Argentina y la metamorfosis
Una mirada diferente sobre el país.
Kafka es un estratega. Se lo puede leer como se lee El príncipe de Maquiavelo. Su punto de partida es la adversidad: la desesperación del héroe por carecer de las fuerzas necesarias, no solo para transformar la situación –para lo cual debería ser capaz de despertar las fuerzas populares dispersas–, sino también para emprender una resistencia individual lúcida.

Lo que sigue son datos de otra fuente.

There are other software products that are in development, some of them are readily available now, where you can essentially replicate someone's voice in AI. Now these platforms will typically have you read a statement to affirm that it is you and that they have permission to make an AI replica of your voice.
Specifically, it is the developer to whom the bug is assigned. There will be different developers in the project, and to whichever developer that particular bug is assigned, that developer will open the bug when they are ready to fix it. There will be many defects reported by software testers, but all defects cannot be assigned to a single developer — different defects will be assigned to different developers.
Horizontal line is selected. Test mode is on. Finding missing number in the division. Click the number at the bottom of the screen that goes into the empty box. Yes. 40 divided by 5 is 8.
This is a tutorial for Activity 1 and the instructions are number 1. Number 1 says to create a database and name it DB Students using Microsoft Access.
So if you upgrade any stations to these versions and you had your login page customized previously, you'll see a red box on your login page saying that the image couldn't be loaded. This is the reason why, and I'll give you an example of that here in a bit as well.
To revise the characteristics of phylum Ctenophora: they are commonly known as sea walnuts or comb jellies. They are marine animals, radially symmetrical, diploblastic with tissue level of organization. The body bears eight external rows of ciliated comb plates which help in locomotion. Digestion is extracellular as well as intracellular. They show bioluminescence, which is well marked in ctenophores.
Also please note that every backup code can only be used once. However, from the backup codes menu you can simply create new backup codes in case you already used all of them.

La potencia no le viene dada. Surge, más bien, de una triple impotencia: de su incapacidad para transformar la situación, de la incapacidad de vivir en la situación sin transformarla y, a la vez, de la imposibilidad de no transformarla. El héroe –insistimos una vez más– está forzado a crear una salida donde no la hay. O, como escribe Serge en sus Memorias, a asumir que “el único remedio era luchar por una evasión imposible”. Este tipo de heroísmo constituye un lector suspicaz.

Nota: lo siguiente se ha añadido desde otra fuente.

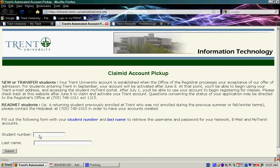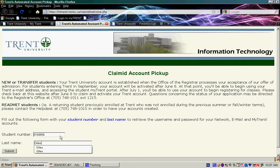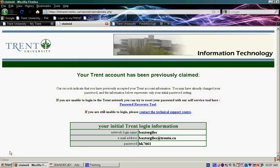If you come over to where it says Student Number and Last Name and input the information, and then click Submit. Because I've already picked up this information, my page is going to look a little bit different than yours. But once you click Submit, if you then click I accept this account information,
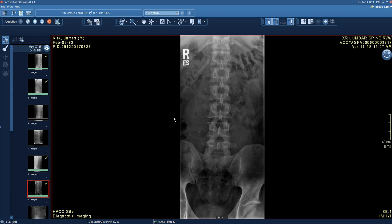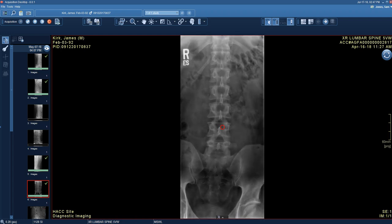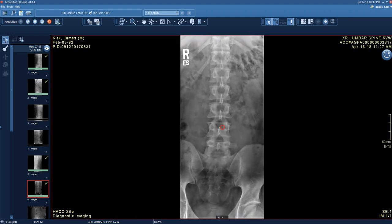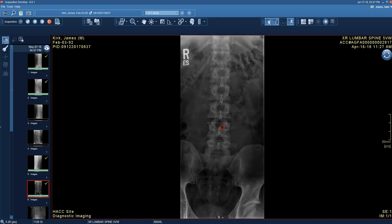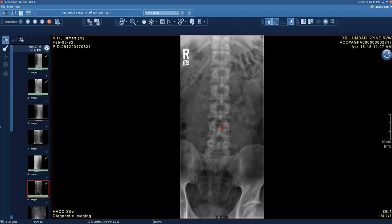Let's bring the AP view back up and talk about the three major tools. The first is window level, which corresponds to brightness and contrast — it's the most important tool. To use it, right-click, hold down the right mouse button, and move the mouse in a circle. You can change the brightness and contrast — what we call window and level — until you have the image in an optimal viewing pattern for your eyes, your lighting, and your monitor.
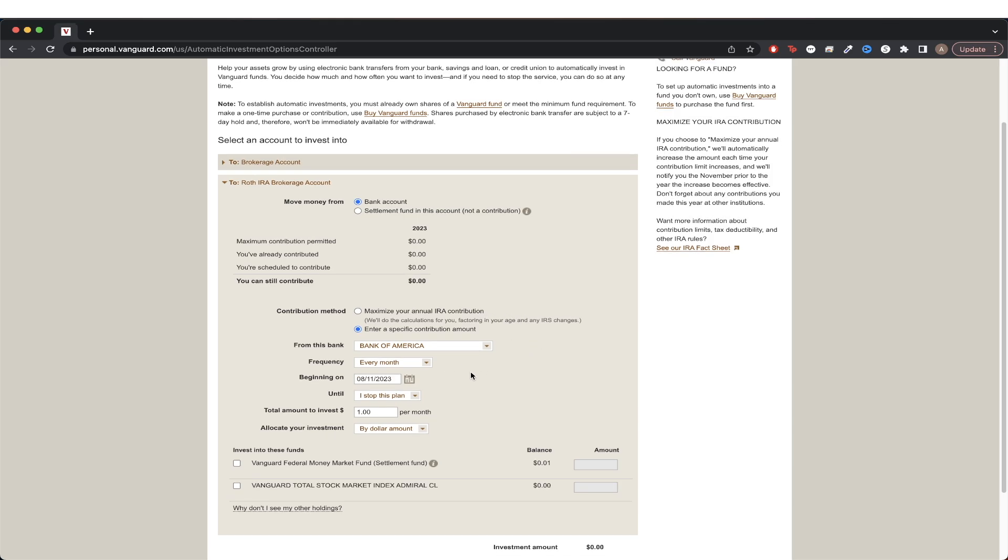Once you've selected all your different options, if we look down here in this section, we can now see the different mutual funds that we can set up automatic investments for.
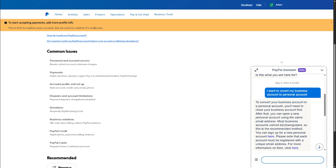Either you can create a new email address and create a new PayPal personal account with that new email address, so you'll have both business account and personal account separately.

Un decodificador de signos de valor político y un receptor de mutaciones microfísicas del poder.
En el plano de las formas del conocimiento –dimensión estratégica fundamental– de Kafka aparece como un jurista, que articula derecho y redención, y un abogado de los modos finitos ante la trascendencia de la ley. En el de la retórica, es el escritor de una inapropiable poética de la no llegada, propia de sujetos sin comunidad de arraigo, irreductibles a purezas étnicas, nacionales o lingüísticas. En Kafka, se afirman los derechos de lo insólito ante lo categorial y de la ironía ante una maquinaria cuyo funcionamiento crea una realidad normalizada. No deja de introducir desvíos, sin los cuales resulta imposible conocer y desmontar sus engranajes.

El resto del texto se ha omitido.